En conséquence, l'accord négocié entre Bouygues et Orange dépendra également de la bonne volonté de Free d'accepter ou non le deal. Pour que l'accord soit validé, il faudra qu'Orange procède à un équilibrage immédiat de ses activités, l'accord devant prétexter l'ensemble des négociations avec Bouygues, mais aussi un volet sur la cession d'une partie des actifs aux autres acteurs du marché.

Free dispose ainsi de la meilleure place : sans son accord, la négociation engagée entre les deux poids lourds ne servira à rien. En d'autres termes : Orange devra revendre une partie du réseau ou des boutiques de Bouygues à Free. Mais si Free décide que le prix de vente est trop élevé et décide de ne pas accepter l'offre, alors le rachat de Bouygues ne pourra pas se faire.

Dans cette position, c'est bien Free Mobile qui tire les cartes et fait la pluie et le beau temps sur le marché.

Orange stéphane richard

D'un autre côté, si les négociations entre Orange et Bouygues ne vont pas plus loin, Bouygues devrait continuer à chercher à revendre ses actifs dans la téléphonie. Malheureusement pour le groupe, l'offre de 10 milliards d'euros proposée par Free Mobile au printemps 2014 risque de ne plus être au gout du jour. Bouygues se retrouve coincé, d'autant que la santé de l'opérateur n'a eu de cesse de se dégrader entre temps... Pas question donc de maintenir une offre alors que le contenu proposé a perdu en valeur... Bouygues devra donc s'aligner sur les tarifs proposés, ou continue sa lente agonie.

Malgré tout, Free Mobile ne jouera pas non plus trop longtemps au plus fin, car l'idée de récupérer les fréquences de Bouygues reste alléchante et permettrait à l'opérateur de gagner deux ans sur son calendrier de déploiement, voire plus, compte tenu de la difficulté croissante des opérateurs à implanter de nouvelles antennes en ville, notamment du fait de l'opposition des bailleurs et des actions de diverses associations de protection contre la prolifération des ondes radio néfastes.

Free devra également prendre en compte les économies réalisées par ce type d'acquisition : l'achat de nouvelles fréquences et antennes lui permettra enfin de mettre un terme à l'itinérance payée au prix fort à Orange.

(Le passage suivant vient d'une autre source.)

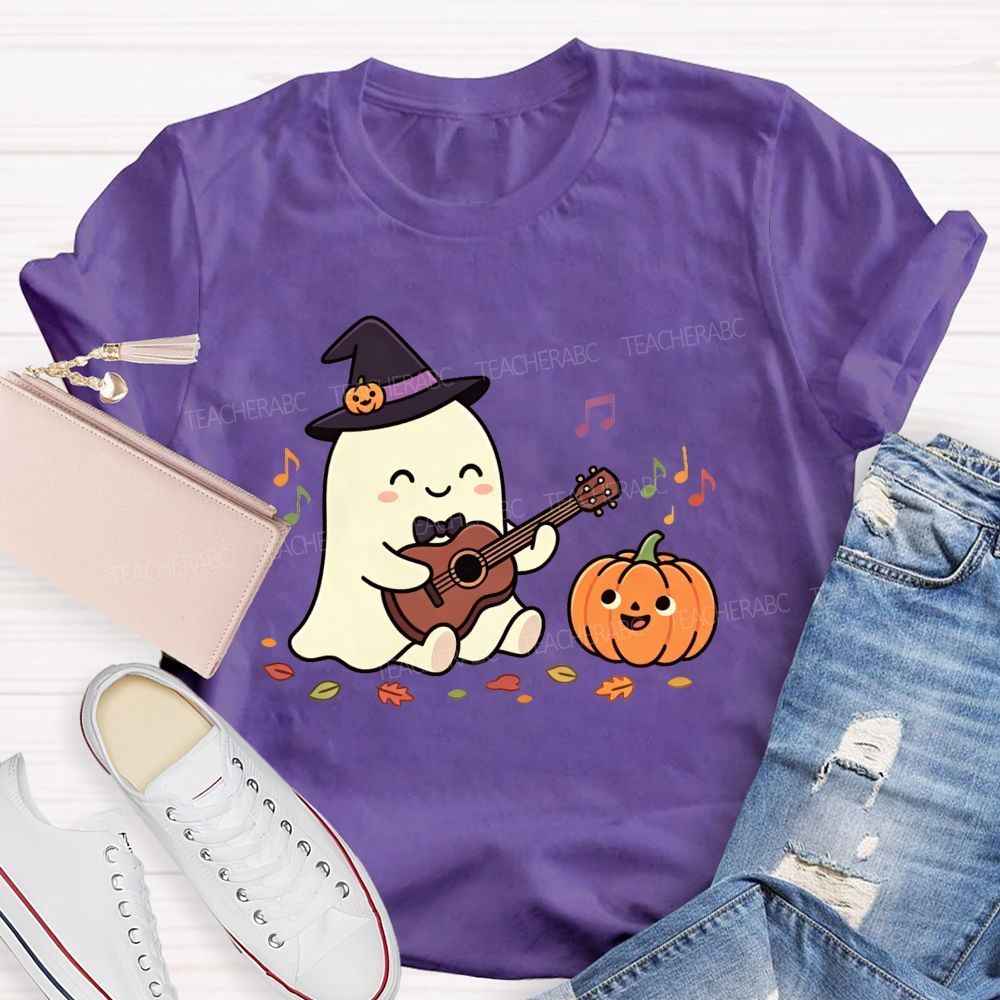Halloween Ghost Playing Acoustic Guitar Pumpkin Music Teacher T-shirt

Reste que Free a mis les bouchées doubles ces derniers mois pour étendre son réseau, et les besoins de l'opérateur sont désormais moindres qu'au moment des premières négociations avec Bouygues.

D'ailleurs, la vente récente des lots de fréquences basses sur la bande des 700 MHz a changé la donne, et désormais, Free est passé devant SFR Numéricable au niveau des sites 4G.

Finalement, les négociations pourraient ne pas véritablement avoir la France en ligne de mire, mais plutôt une dimension internationale : Xavier Niel a récemment acquis 15% d'options sur le capital de Telecom Italia, un opérateur convoité par Orange.

Les parts de Telecom Italia de Free Mobile pourraient ainsi se présenter comme une monnaie d'échange dans la transaction. Reste à savoir si Xavier Niel souhaite maintenir ses positions à l'international ou si le rachat était bel et bien stratégique par rapport à Orange.

Selon Stéphane Dubreuil, président de Stallych Consulting, Orange pourrait être le grand perdant dans les négociations : " Le groupe devra à la fois gérer la question sociale et la revente à la découpe de Bouygues Telecom, sans aucun avantage si ce n'est l'élimination d'un concurrent, c'est faible au final."